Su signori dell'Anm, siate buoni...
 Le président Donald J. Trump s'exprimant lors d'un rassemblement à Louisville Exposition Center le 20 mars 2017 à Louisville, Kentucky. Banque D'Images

##############################

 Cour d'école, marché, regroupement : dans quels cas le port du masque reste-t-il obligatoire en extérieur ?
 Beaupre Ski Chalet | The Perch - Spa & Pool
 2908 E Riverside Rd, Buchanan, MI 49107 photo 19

##############################

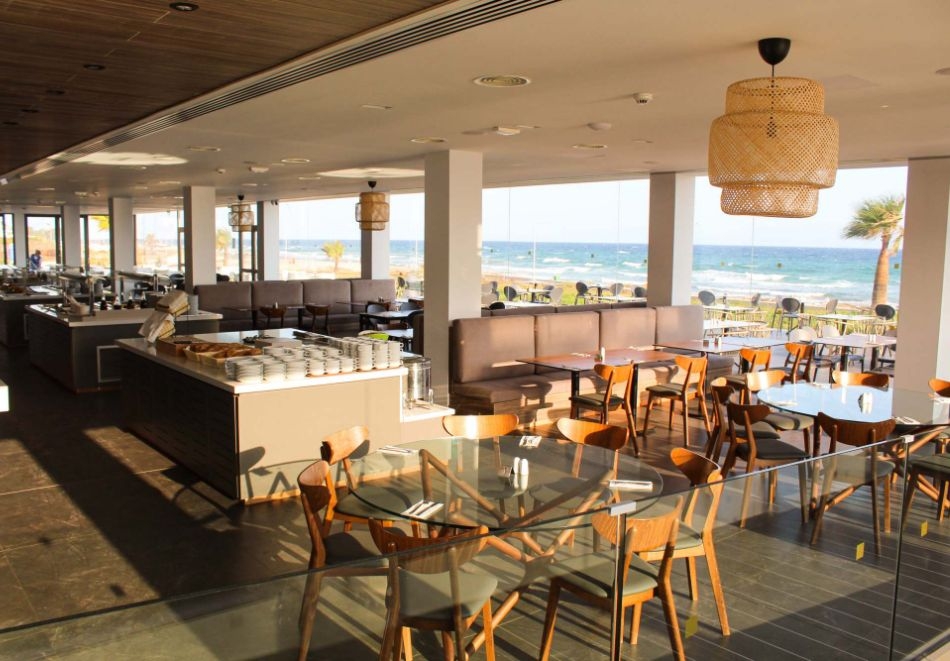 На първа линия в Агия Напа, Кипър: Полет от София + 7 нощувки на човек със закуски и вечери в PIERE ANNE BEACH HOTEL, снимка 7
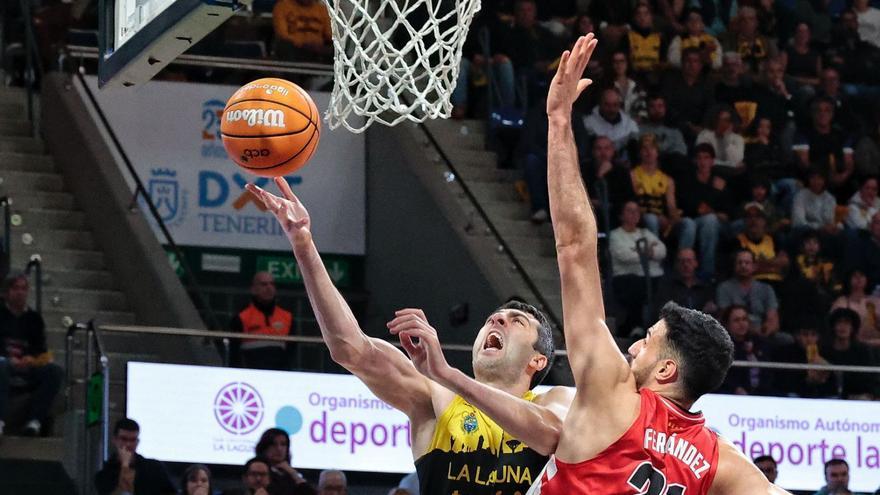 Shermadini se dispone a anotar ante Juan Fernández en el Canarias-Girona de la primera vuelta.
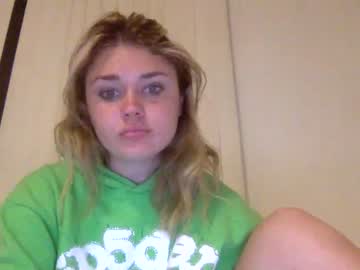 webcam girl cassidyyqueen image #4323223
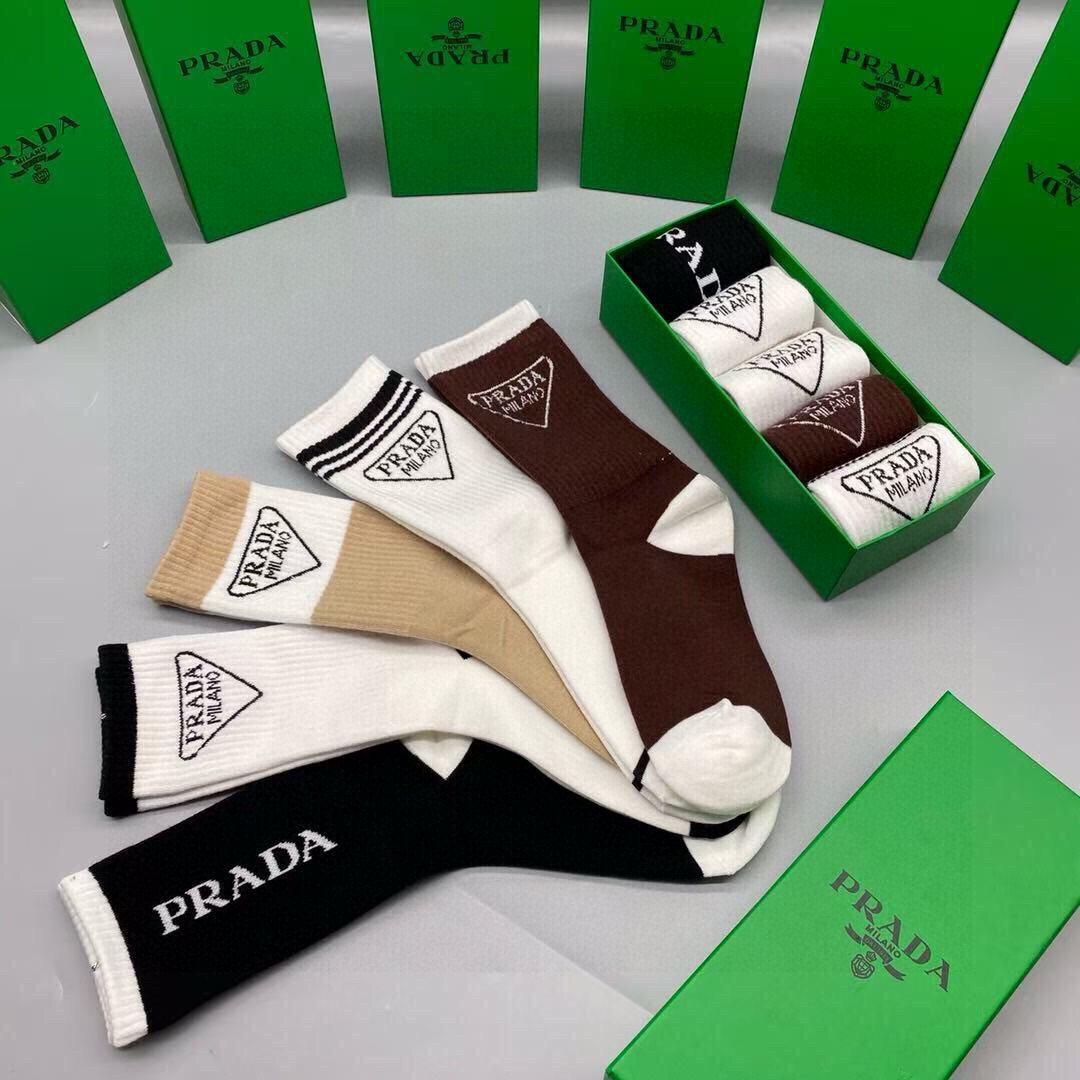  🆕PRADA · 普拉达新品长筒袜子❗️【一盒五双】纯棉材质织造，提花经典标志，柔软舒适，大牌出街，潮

##############################

**WORK REQUIRED:**
Look back at the entries above and repeat, unchanged, every line from the line holding "Beaupre Ski Chalet | The Perch - Spa & Pool" through the line holding "2908 E Riverside".

**RESULT BELOW:**
 Beaupre Ski Chalet | The Perch - Spa & Pool
 2908 E Riverside Rd, Buchanan, MI 49107 photo 19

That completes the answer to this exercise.